─── MATERIAL TO PROCESS ───

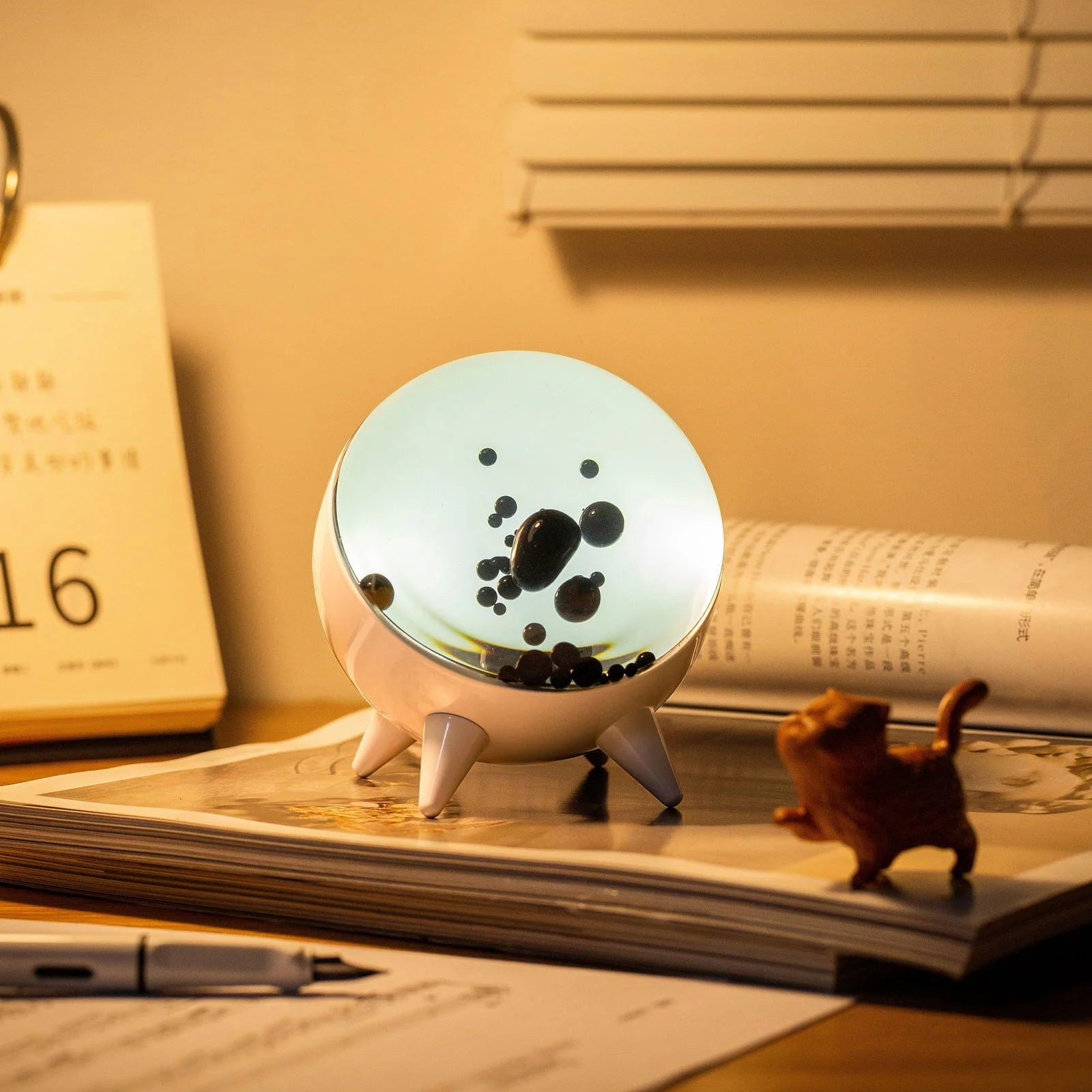 Interactive Decorative Lamp – Unique Light Game and Design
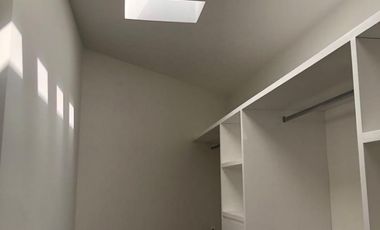 Casa en venta con amplios espacios  (Bosque Real)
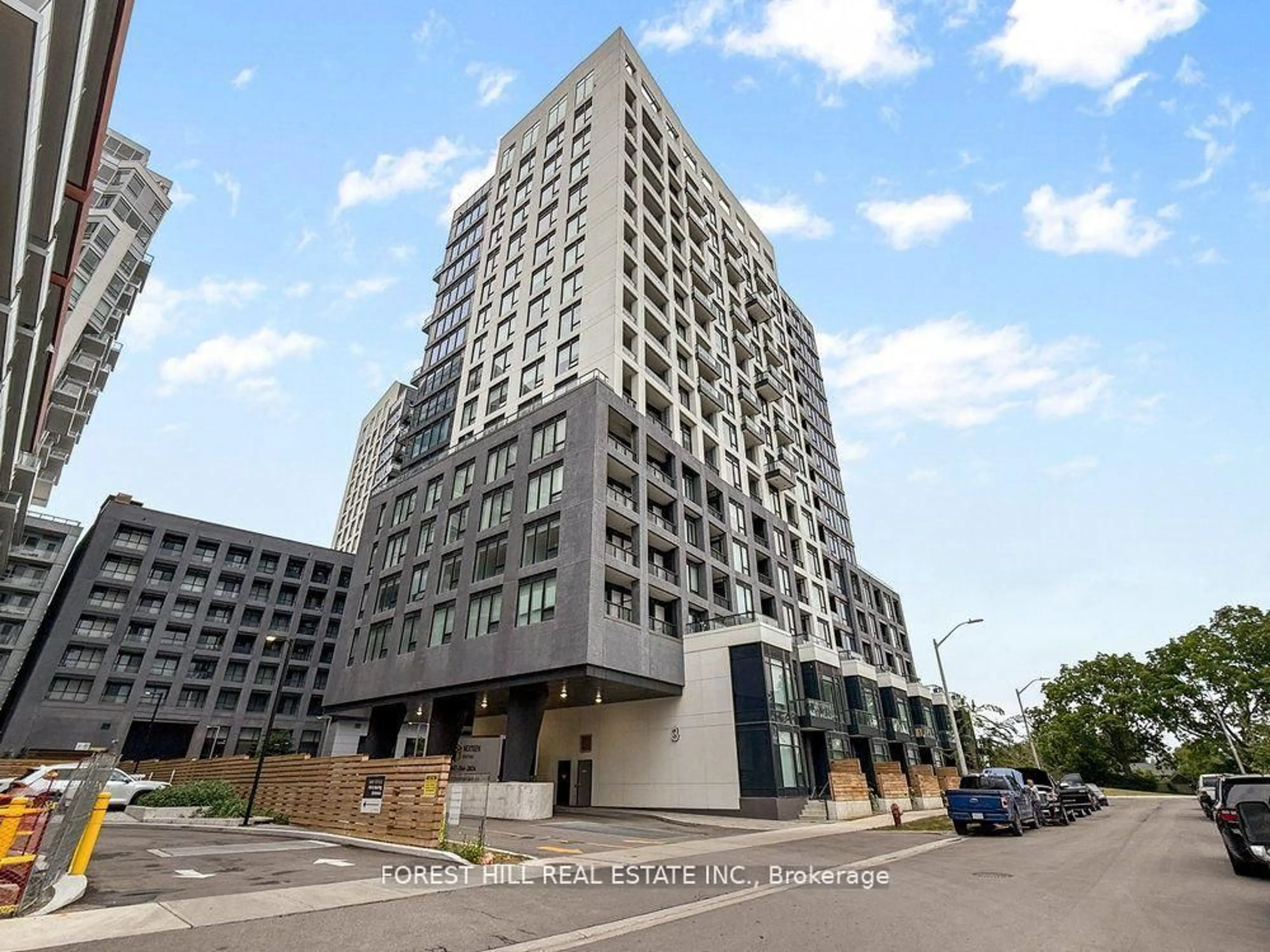 Indoor foyer for 3 Rosewater St #903W, Richmond Hill Ontario L4C 5T6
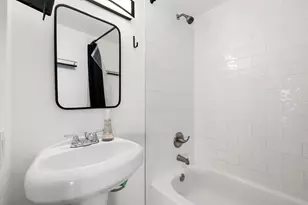 8805 Harbour Dr, Dickinson, TX 77539 - Photo 14
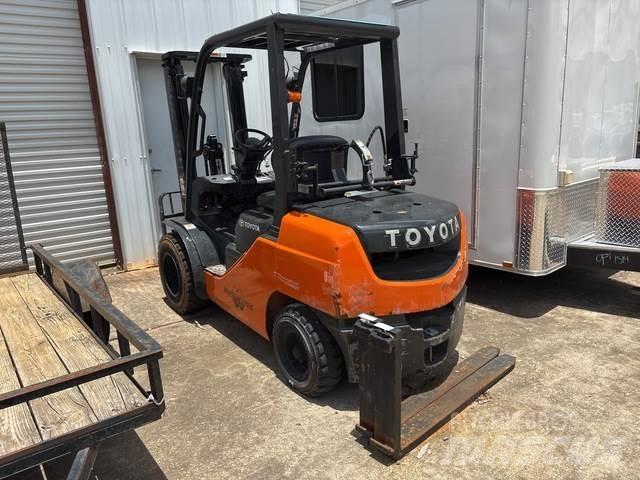 Toyota 8FGU30 Construction - Others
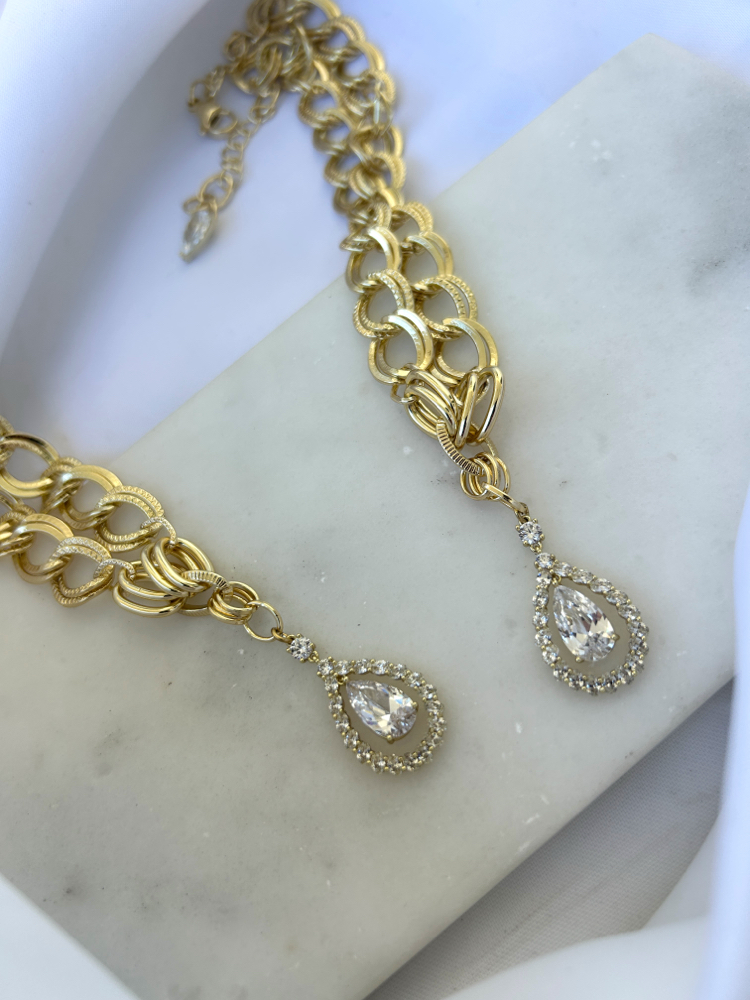 Shiny Gold Necklace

───

TASK PROMPT: Restate word for word the lines running from the one with "8805 Harbour Dr, Dickinson, TX" to the end of the entries; pictures are to be left out.

REPLY:
 8805 Harbour Dr, Dickinson, TX 77539 - Photo 14
 Toyota 8FGU30 Construction - Others
 Shiny Gold Necklace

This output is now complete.